Est <- QF(X, y, G, A = NULL, model = "logistic_alter", intercept = TRUE, verbose = TRUE)
#> The projection direction is identified at mu = 0.029056at step =5
ci
method for QF
ci(Est)
#> tau lower upper
#> 1 0.25 0.2274503 2.048520
#> 2 0.50 0.1339998 2.141970
#> 3 1.00 0.0000000 2.306665
summary
method for QF
summary(Est)
#> Call:
#> Inference for Quadratic Functional
#>
#> tau est.plugin est.debias Std. Error z value Pr(>|z|)
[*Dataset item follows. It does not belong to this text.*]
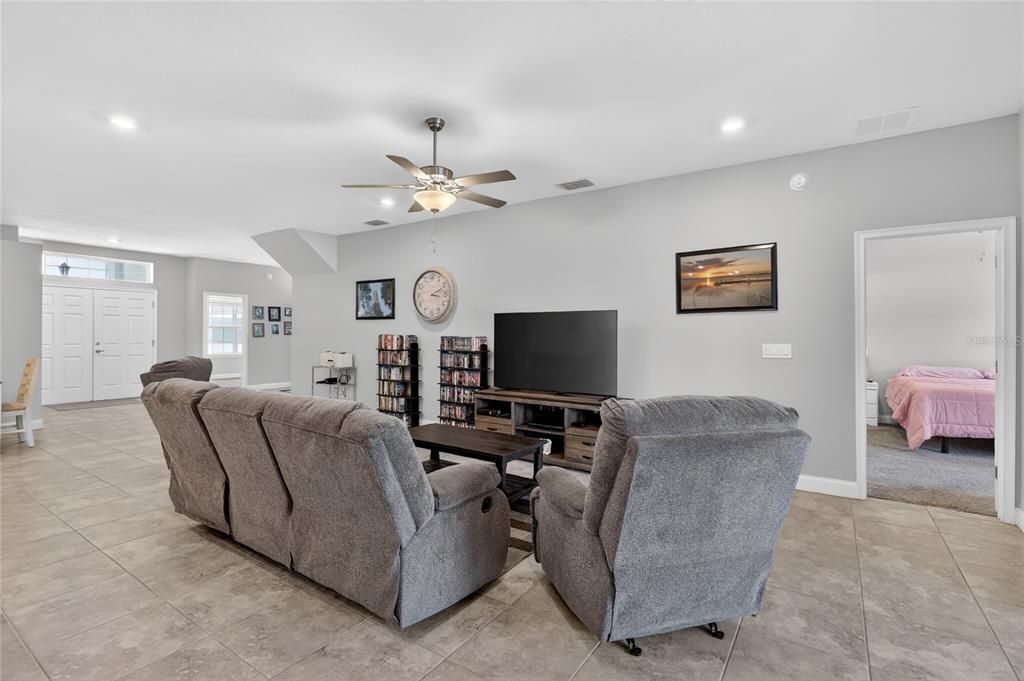 For Sale: $534,900 (5 beds, 3 baths, 3092 Square Feet)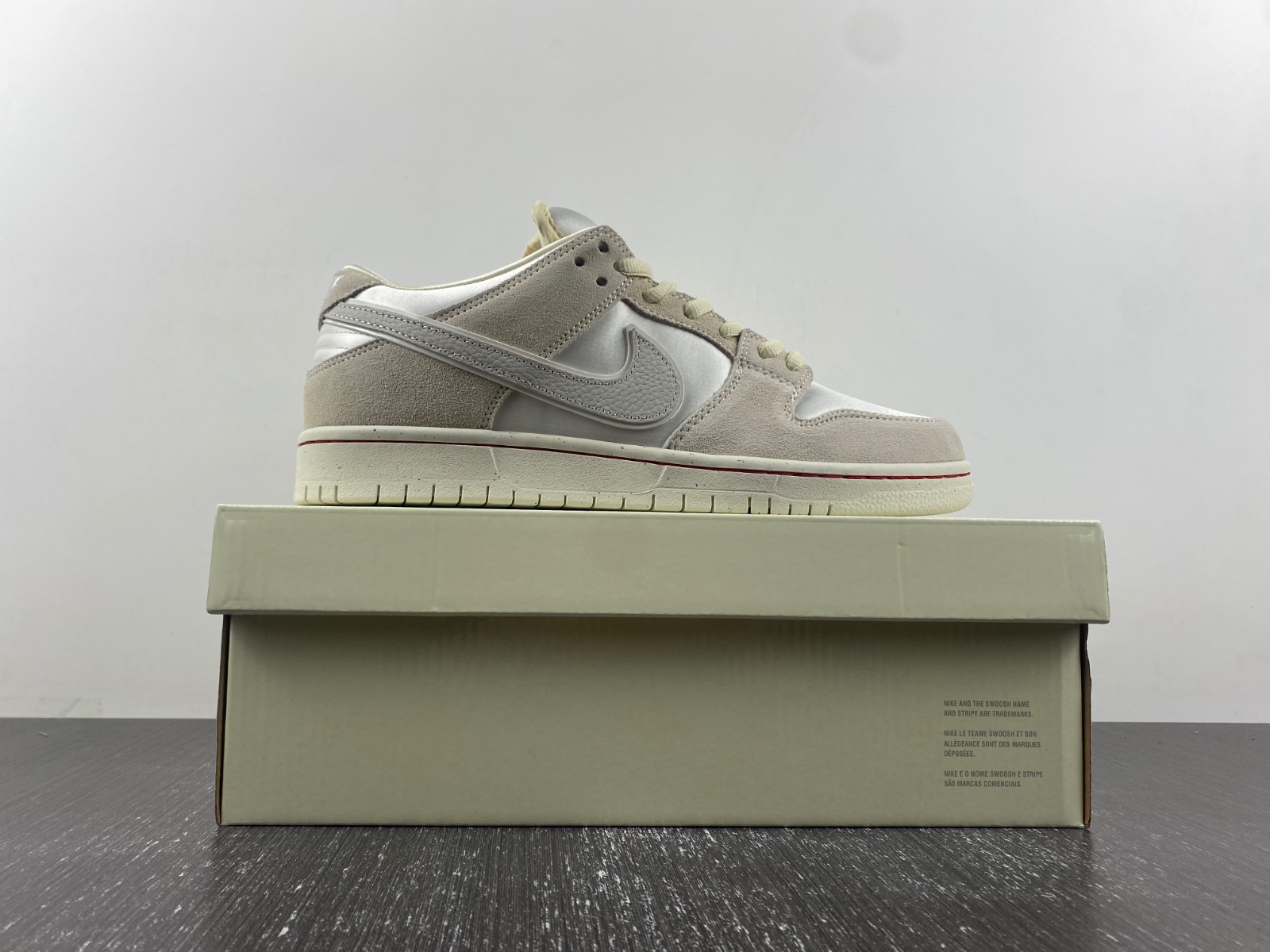 Nike SB Dunk Low Valentine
#> 0.25 0.6434 1.138 0.4646 2.450 0.01430 *
#> 0.50 0.6434 1.138 0.5122 2.222 0.02631 *
#> 1.00 0.6434 1.138 0.5963 1.908 0.05633 .
In the output results, each row represents the result for different values of \(\tau\), the enlargement factor for asymptotic variance to handle super-efficiency. Notice that the true value is \(3.25\) for 3rd objective, which is included in the confidence interval.